THE PROBLEM>
Copy task for the material below: print the line with "ELIG Bike Disc" and every line after it to the end, exactly as written, without the pictures.

DATASET RECORDS>

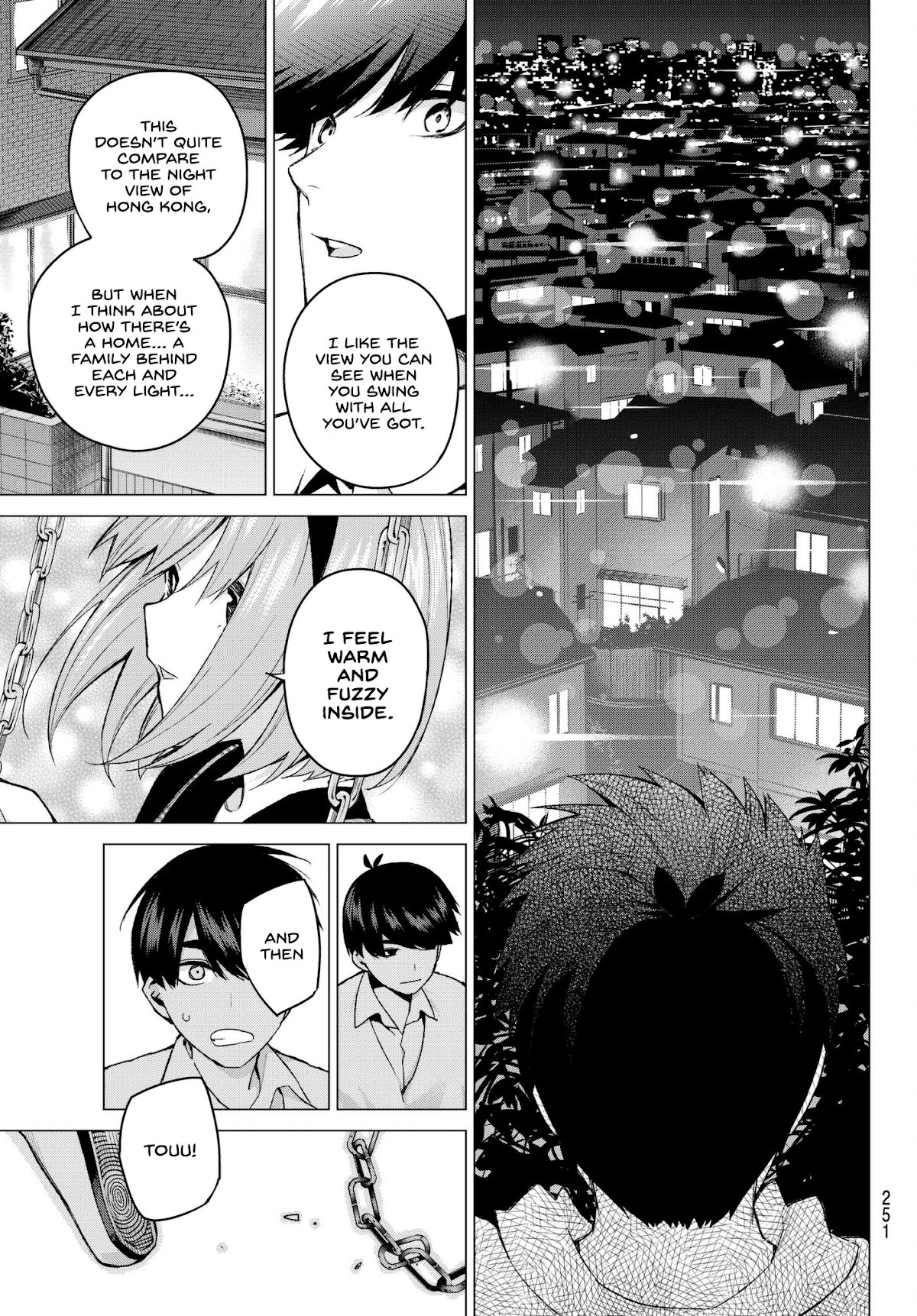 5toubun no Hanayome Chapter 37 - Page 13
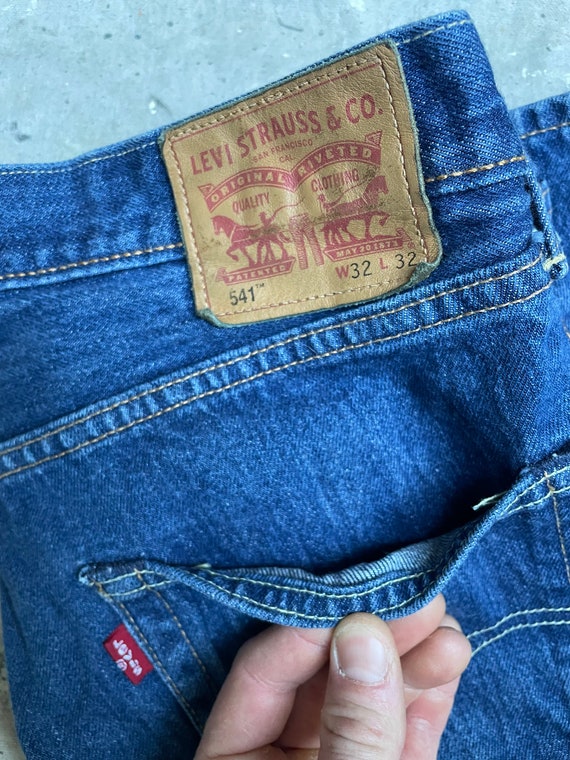 Levis 541 Cone Denim - Etsy Canada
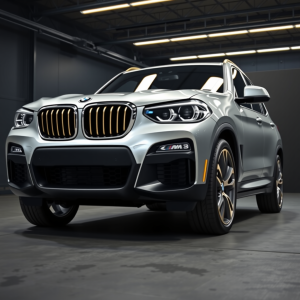 What wheels look good on a BMW X3 (G01)? Finishes colour-by-colour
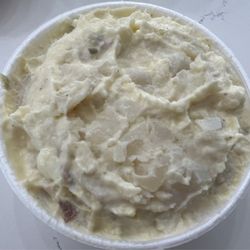 The Smoke House at Monkey Junction - Potato salad
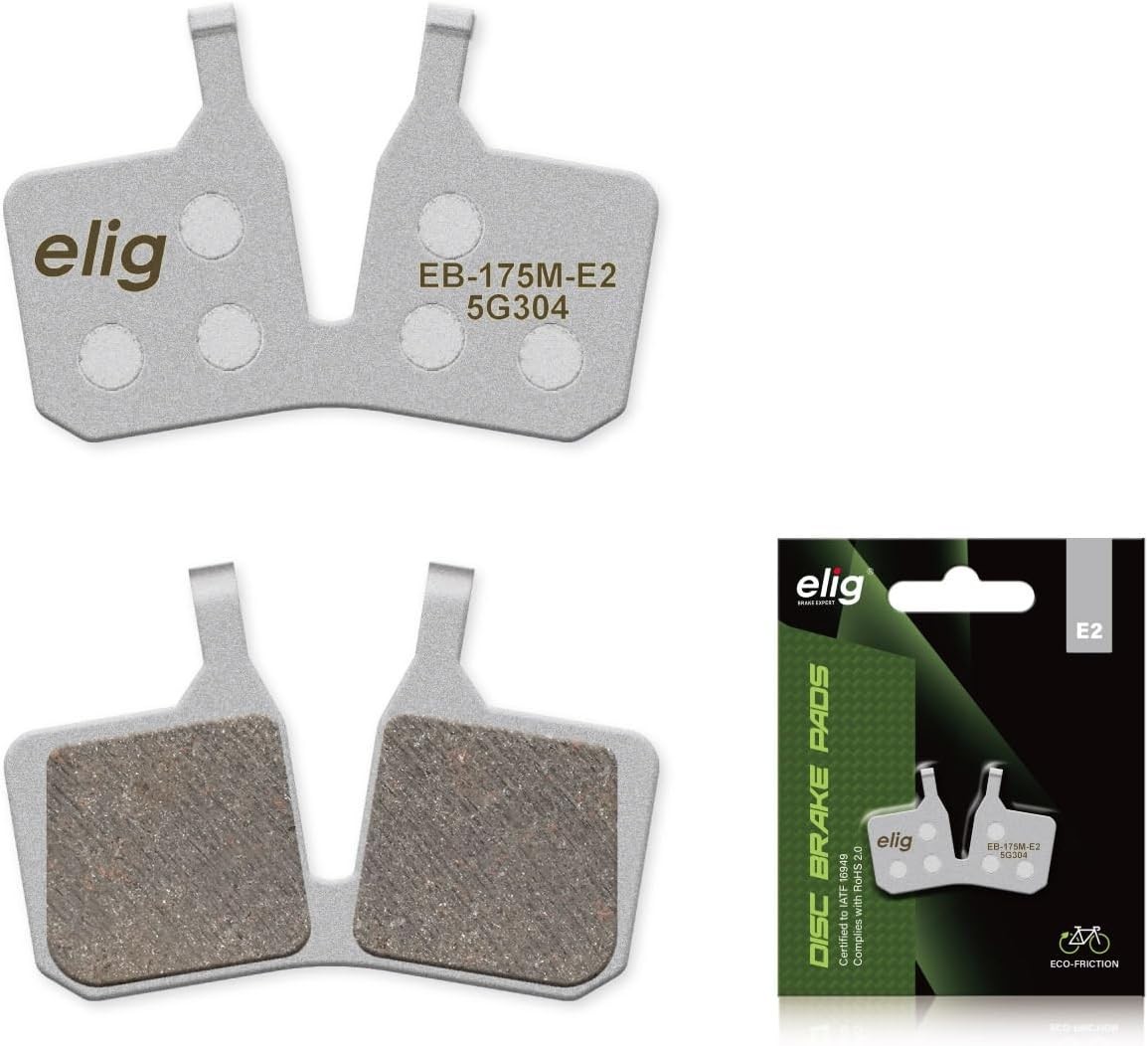 ELIG Bike Disc Brake Pads for Magura 4-Piston MT5, MT5 Pro, MT Trail Sport｜S-Ped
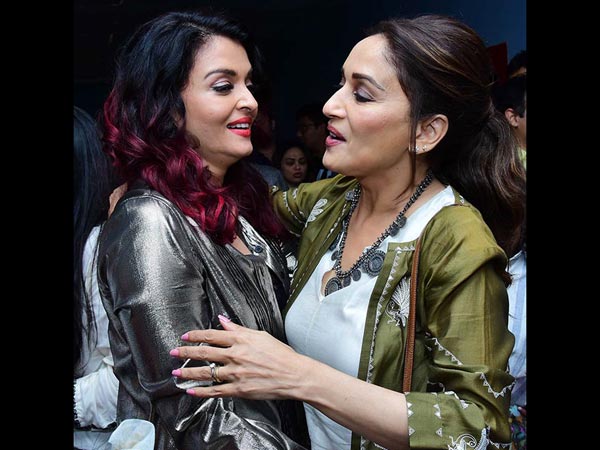 Aishwarya Rai & Madhuri Dixit Made It To The List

TASK SOLUTION>
 ELIG Bike Disc Brake Pads for Magura 4-Piston MT5, MT5 Pro, MT Trail Sport｜S-Ped
 Aishwarya Rai & Madhuri Dixit Made It To The List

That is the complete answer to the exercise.